Desgraciadamente para Ribera, la navegación, llena de peligros y contratiempos, duró nueve meses, y a pesar de sus precauciones, se encontró al pisar tierra con que sólo tres de las estacas podían aprovecharse, pues las demás no servían sino para avivar una hoguera.

Diose a cultivarlas con grande ahínco, cuidándolas más que a sus talegas de duros; y eso que su reputación de avaro era piramidal. Y para que ni un instante escapasen a su vigilancia, plantó las tres estacas en un jardinillo bien morado y resguardado por dos negros colosales y una jauría de perros bravos.

Pero fíese usted en murallas como las de Pekín, en gigantes como Polifemo y en canes como el Cervero, y estará más fresco que una horchata de chufas. Las dichosas estacas tenían más enamorados que muchacha bonita, y ya se sabe que para hombres que se apasionan del bien ajeno, sea hija de Eva o cosa que valga la pena, no hay obstáculo exento de atropello.

Una mañana levantose don Antonio con el alba. No había podido cerrar los párpados en toda la santa noche. Tenía la corazonada, el presentimiento de una gran desgracia.

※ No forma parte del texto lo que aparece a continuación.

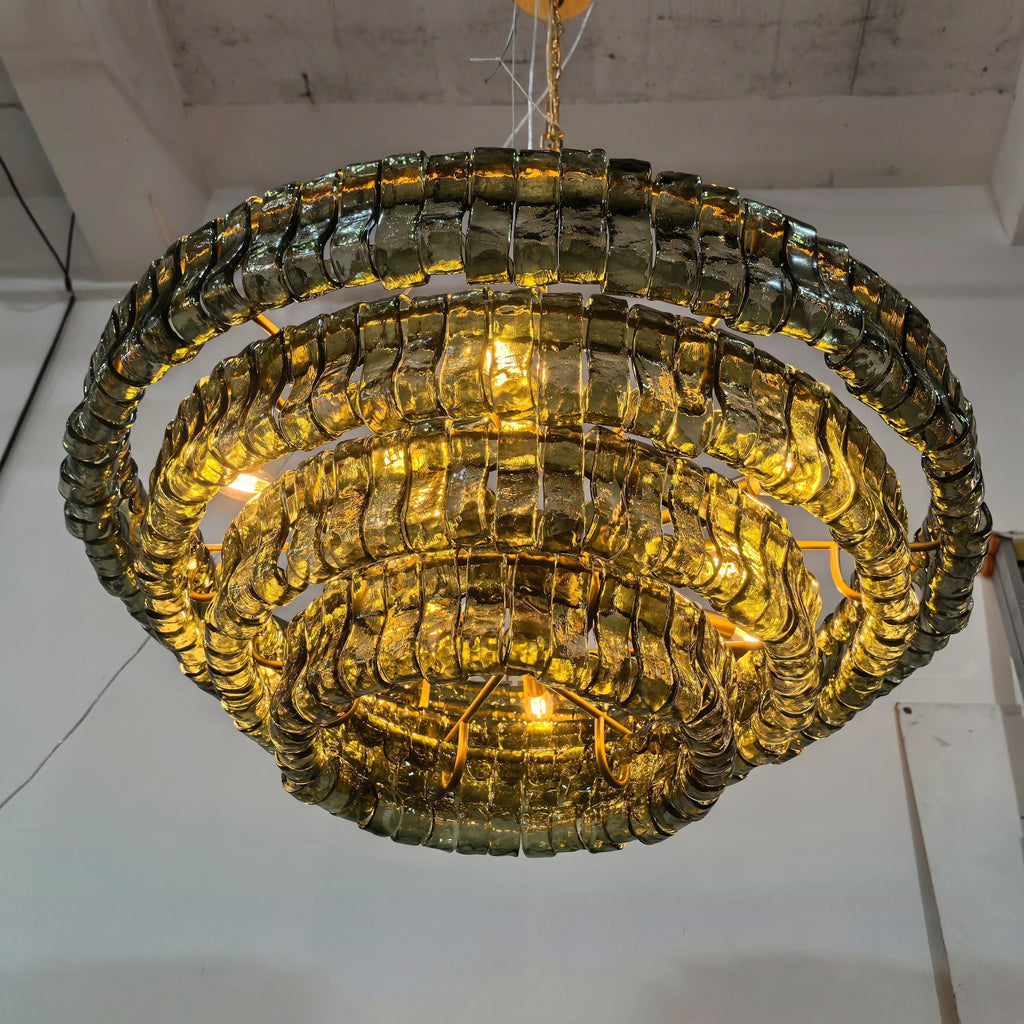 36 Inch Green Glass Tiered Chandelier - Ghiaccio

Después de santiguarse, y en chanclas y envuelto en el capote, se dirigió al jardinillo; y el corazón le dio tan gran vuelco que casi se le escapa por la boca junto con el taco redondo que lanzó.

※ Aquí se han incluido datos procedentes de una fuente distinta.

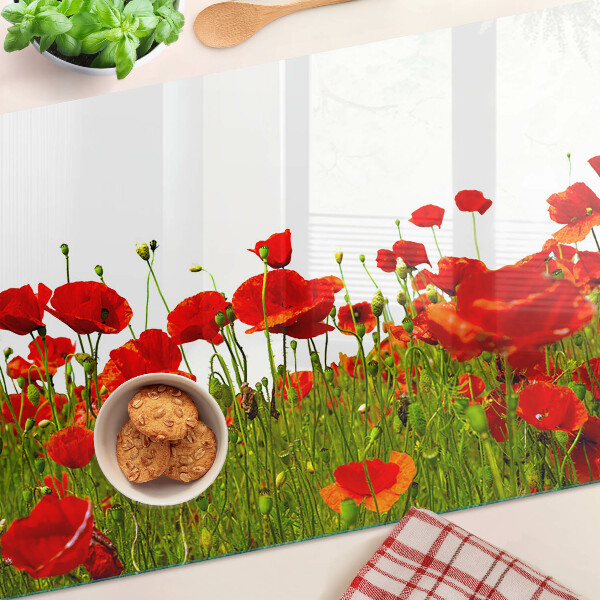 Snijplanken glas Klaprozen in de wei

-¡Canario! ¡Me han robado!

Y cayó al suelo presa de un accidente.

En efecto, había desaparecido una de las tres estacas.

Aquel día Ribera derrengó a palos a media jauría de perros y el látigo anduvo bobo entre los pobres esclavos, que a su merced se le había subido la cólera al campanario.

Cansado de castigos y de pesquisas y viendo que sus afanes no daban fruto, se acercó al arzobispo, que era muy su amigo, y lo informó de su gran desventura, al lado de la cual los trabajos de Job eran cancán y zanguaraña.

Pues no es cuento, lectores míos, sino muy auténtico lo que sucedió, y así se lo dirá a ustedes el primer cronista que hojeen.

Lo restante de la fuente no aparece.